FIG. 2 illustrates a system 150 according to an exemplary embodiment of the present invention. According to one exemplary embodiment, system 150 is configured for receiving an audio speech signal and for converting that signal into a representative audio electrical signal. In an exemplary embodiment, system 150 comprises an input device 160 for inputting an audio signal and converting it to an electrical signal. Input device 160 may comprise, for example only, a microphone.

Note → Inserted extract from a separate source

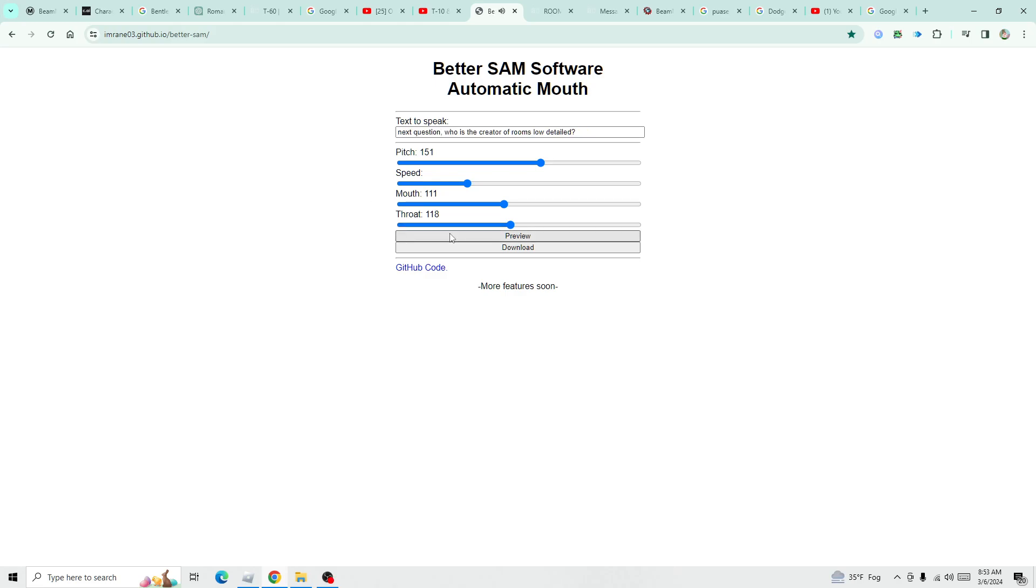Next question, who is the creator of room low-detailed? Wrong answer, it's mine.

In addition to input device 160, system 150 may comprise processor 104, which may comprise, for example only, audio processing circuitry and sound recognition circuitry. Processor 104 receives the audio electrical signal generated by input device 160, and then functions so as to condition the signal so that it is in a suitable electrical condition for digital sampling. Further, processor 104 may be configured to analyze a digitized version of the audio signal in a manner to extract various acoustical characteristics from the signal. Processor 104 may be configured to identify specific phoneme sound types contained within the audio speech signal Importantly, this phoneme identification is done without reference to the speech characteristics of the individual speaker, and is done in a manner such that the phoneme identification occurs in real time, thereby allowing the speaker to speak at a normal rate of conversation. Once processor 104 has extracted the corresponding phoneme sounds, processor 104 may compare each spoken phoneme to a dictionary pronunciation stored within a database 162 and grade a pronunciation of the spoken phoneme according to a resemblance between the spoken phoneme and a phoneme in database 162. It is noted that database 162 may be built on standard international phonetic rules and dictionaries. System 150 may also include one or more databases 164, which may comprise various audio and video files associated with known phonemes, as will be described more fully below.

With reference to FIGS. 1, 2, and the screenshots illustrated in FIGS. 3-22, various exemplary embodiments of the present invention will now be described. It is noted that the screenshots of the interfaces illustrated in FIGS. 3-19 are only example interfaces and are not to limit the exemplary embodiments described herein. Accordingly, the functionality of the described embodiments may be implemented with the illustrated interfaces or one or more other interfaces. FIG. 3 is a screenshot of a page 200, according to an exemplary embodiment of the present invention. As illustrated, page 200 may include a plurality of selection buttons 202 for enabling a user to select a desired practice mode (i.e., either a “Words” practice mode, a “Sentences” practice mode, or an “Add Your Own” practice mode).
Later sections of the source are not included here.